Asri terpukul atas meninggalnya istrinya meski orang-orang sekitar banyak yang menganggap lega atas kepergian Saniah dari sekitar mereka selamanya. Asri mengembalikan semua harta yang dimiliki Saniah ke keluarga Saniah. Tindakan Asri banyak dikecam warga dikarenakan hal tersebut tidak pernah terjadi di sana. Harta mendiang pasangan mestilah jatuh ke pasangan yang masih hidup. Asri bertolak dari hal tersebut. Dengan diberikannya harta peninggalan istrinya ke keluarga, diputuskannyalah hubungan pernikahan Asri dan Saniah.
Dalam masa berkabung, Asri banyak mendapat tawaran untuk menikah. Semua ditolaknya. Dalam masa perenungannya, ia semakin yakin bahwa dirinya harus menikahi Asnah untuk mendapat apa yang dicitakannya dalam pernikahan; ketenangan, dukungan, dan semangat dalam hidup. Islam tak melarang menikah dengan orang sesuku.

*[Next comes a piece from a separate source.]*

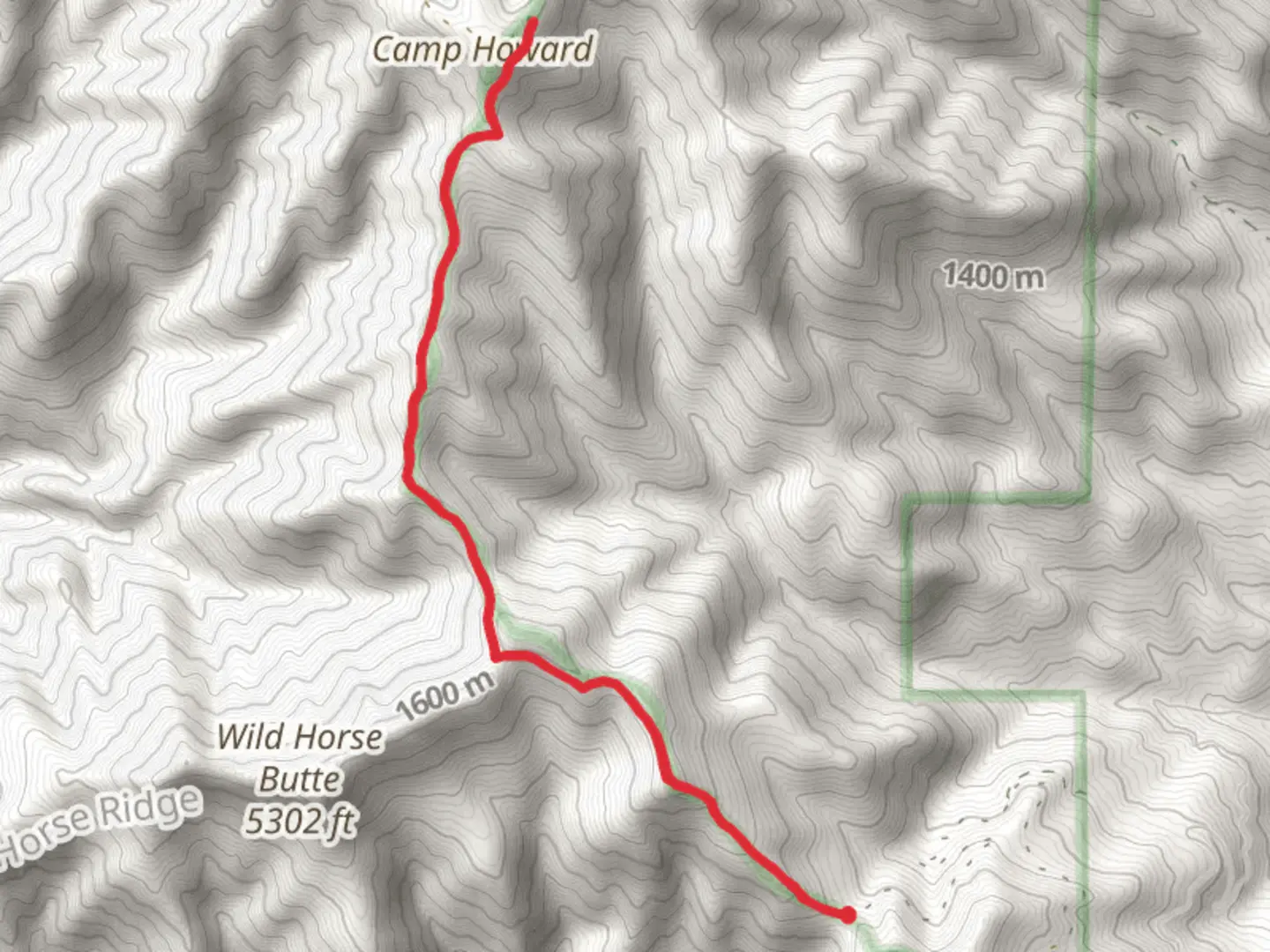 An image depicting the trail Camp Howard Trail and its surrounding area.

“Orang kita belum berdiri tegak dengan yakin di atas agama Islam, belum berpegang teguh pada ajaran agama Tuhan itu. Tandanya, Engku sendiri pun masih menguatkan tafsiran pepatah adat lama, yang telah usang atau lapuk. Padahal menurut pepatah adat sekarang, yaitu sejak agama dipelajari baik-baik, bukan syarak yang bersendi adat, melainkan adat itulah yang bersendikan kepada syarak dan syarak itu tetap bersendi Kitabullah,” ungkap Asri pada telangkai (utusan) yang meminta Asri menikah dengan anak gadisnya.

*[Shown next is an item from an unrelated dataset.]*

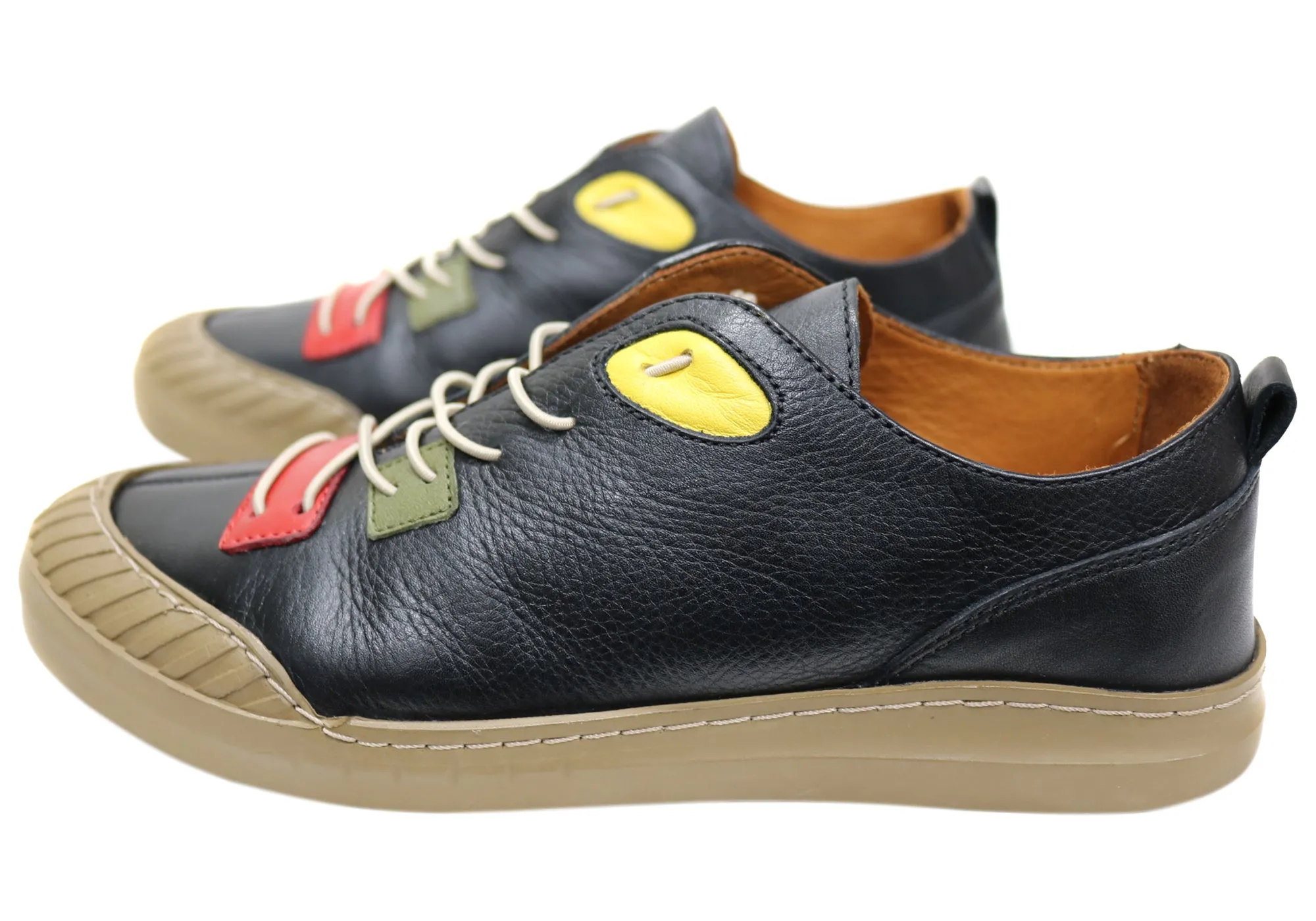 Orizonte Queenie Womens European Leather Comfortable Casual Shoes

Asri memahami bahwa ia tak mungkin menikah di Maninjau. Asri pun menjemput Asnah di Kotabaru, tempat Asnah tinggal dengan Ibu Mariah, wanita yang kini merawat dan menjadi ibu angkat Asnah. Asri kemudian menikah dan bersama Asnah meniti hidup di tanah Jawa, jauh dari huru-hara di Maninjau, tempat kelahirannya.
Setahun setelah perjuangan Asri dan Asnah di Kota, mereka mendapatkan surat dari kampong halaman bahwa warga Maninjau mendesak Asri dan Asnah pulang. Mereka hendak menjadikan Asri sebagai kepala negeri (kepala desa) dan akan membersihkan nama keduanya. Demikianlah akhir kisah Salah Pilih. Asri dan Asnah kembali ke tanah kelahiran dengan kondisi terhormat dan menjadi pembelajaran bagi warga tentang perikehidupan dan adat.
Melalui Salah Pilih kita belajar agar melandaskan hidup kita dengan seutuhnya agama Islam. Adat bukan menjadi landasan utama hidup, melainkan adat semestinya bersandar pada syariat Islam. Soal pernikahan, hendaknya memilih pasangan bukan dengan pandang akan keturunan dan kekayaan semata. Melainkan aspek agama, keluhuran budi, dan keselarasan pandang soal tujuan pernikahan. Bahwa pernikahan semestinya membawa ketenangan, kebaikan, dan berlandaskan pada agama yang luhur. Menafsiri Salah Pilih jua kita diajak untuk lebih bijak dalam hidup, lebih besar dan luas hati dan pikir dalam sikap serta bersih pandang dan laku.